How many time did you rerun the training of a model with the same parameters again and again?

By tracking experiments (the activity to log parameters, results dependencies, code and data) you can go back in time and check which parameters, results and data was used to achieve the best result.

Tracking also saves you time by knowing which dependencies and version has been used. This is useful when you deploy your model and want to know which package is in production.

Tracking can also help you reproduce your results for a particular experiment in case you haven’t save your model.

Tracking save money

In the context of Deep Learning and large datasets, experiments can costs hundreds to thousands dollars in a cloud environment.

Tracking your experiments helps you to avoid retrain models with the same parameters and avoid the lengthy and costly training of large DL models

When training a DL model, it is helpful to track the model with the data from the experiment in order to avoid to reproduce the experiments.

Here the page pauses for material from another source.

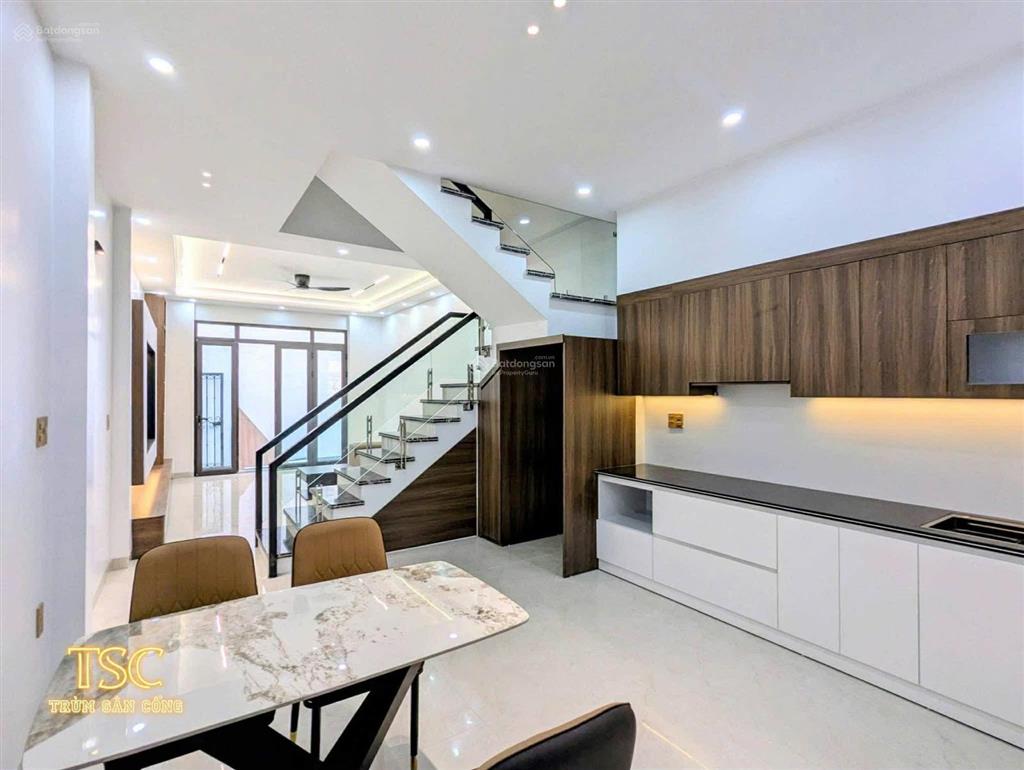 Bán nhà 3 tầng ngõ thiên lôi xây đẹp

Tracking improves collaboration

More and more Data Scientists collaborate by sharing code and data.

Unfortunately Data Scientists who get hold of theses data and code have to figure out the performance and the dependencies of the models.

By tracking and sharing experiments, other Data Scientists can figure out more quickly the behaviour of the models and avoid the pitfalls of code dependencies.

Tools to track your experimentations

Many tools exist today to track your experiments.

Mlflow (mlflow.org) : An open source platform for the machine learning lifecycle.

Sacred (github.com/IDSIA/sacred) : Sacred is a tool to help you configure, organize, log and reproduce experiments.

Comet (www.comet.ml) : Comet lets you track code, experiments, and results on ML projects. It’s fast, simple, and free for open source projects.

Datmo (www.datmo.com) : Open Source tool for tracking and reproducible Machine Learning experiments.